Work request - Which lines run from the start of the material below through the line containing "Mid-Century Large Executive"? Retype them exactly, pictures excluded.

Exercise data -

■ ■ ■ ■ ■ ■ ■

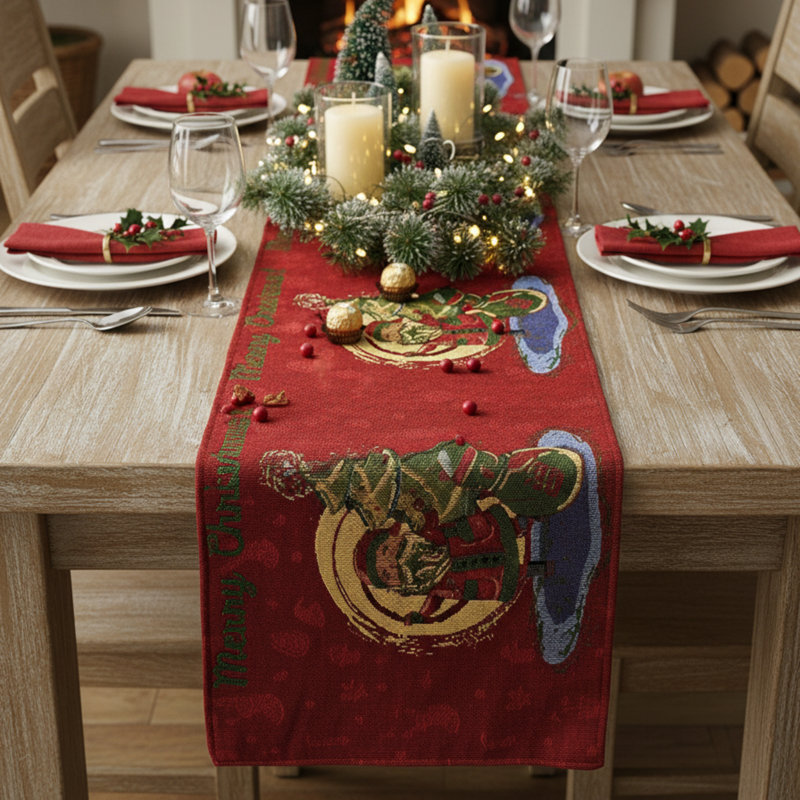 Schwartz Santa Clause Table Runner, 13" W x 48" L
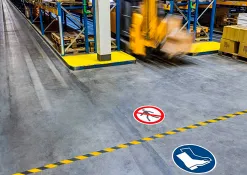 Pictogramme au sol interdit aux pietons durable adhesif entrepots centres distribution usines diametre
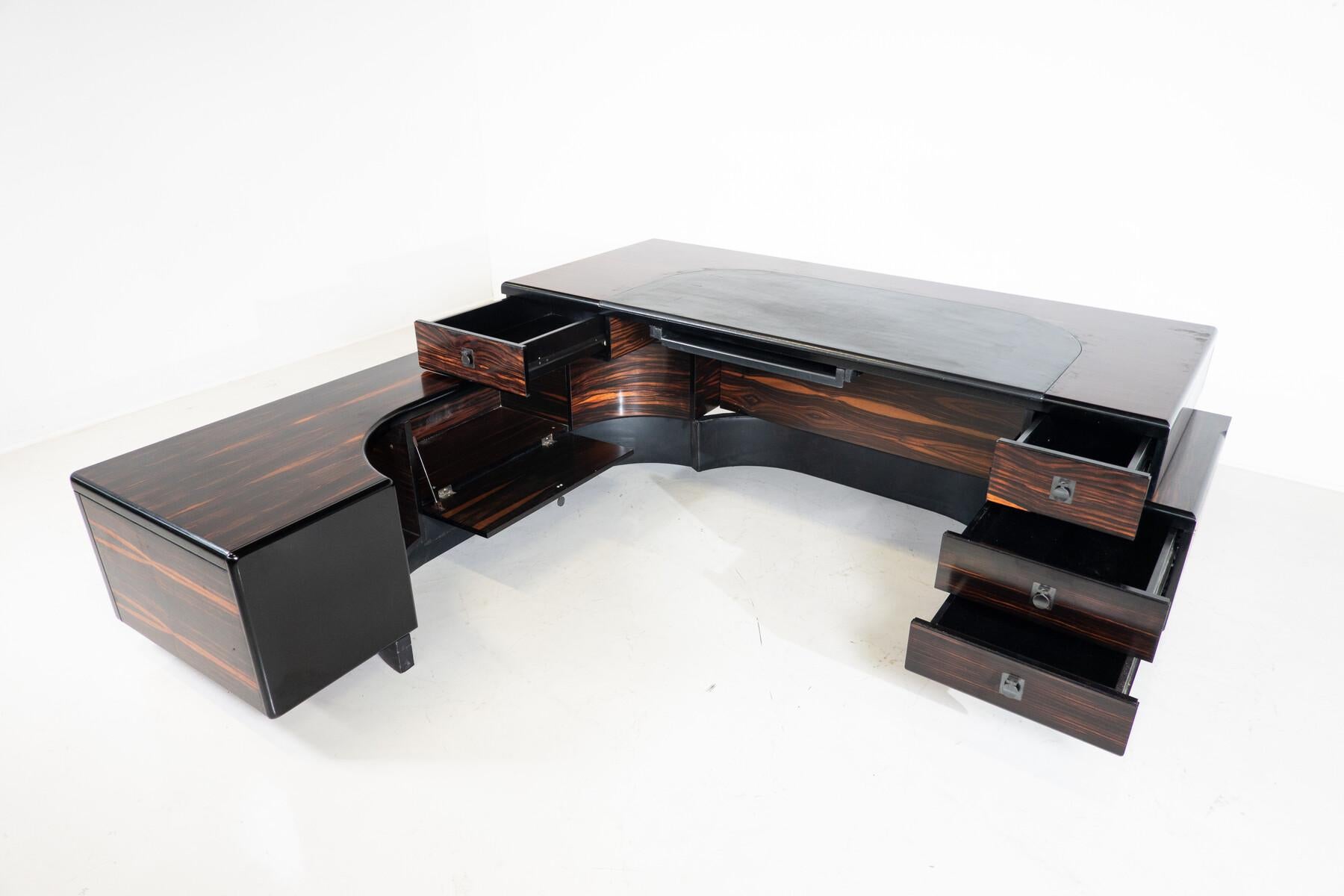 Mid-Century Large Executive Wooden Desk by Fabio Lenci for Bernini, Italy, 1960s For Sale 3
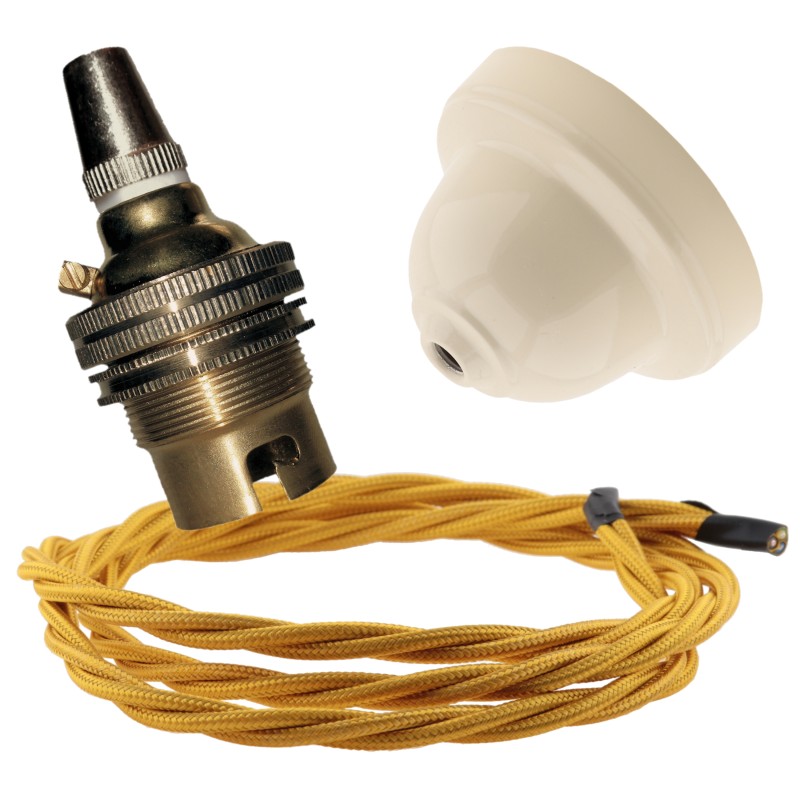 Ivory Bakelite Ceiling Pendant Kit with B22 Brass Finish Lampholder and Gold Flex Ivory Bakelite Ceiling Pendant Kit with B22 Brass Finish Lampholder and Gold Flex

■ ■ ■ ■ ■ ■ ■

Problem solution -
 Schwartz Santa Clause Table Runner, 13" W x 48" L
 Pictogramme au sol interdit aux pietons durable adhesif entrepots centres distribution usines diametre
 Mid-Century Large Executive Wooden Desk by Fabio Lenci for Bernini, Italy, 1960s For Sale 3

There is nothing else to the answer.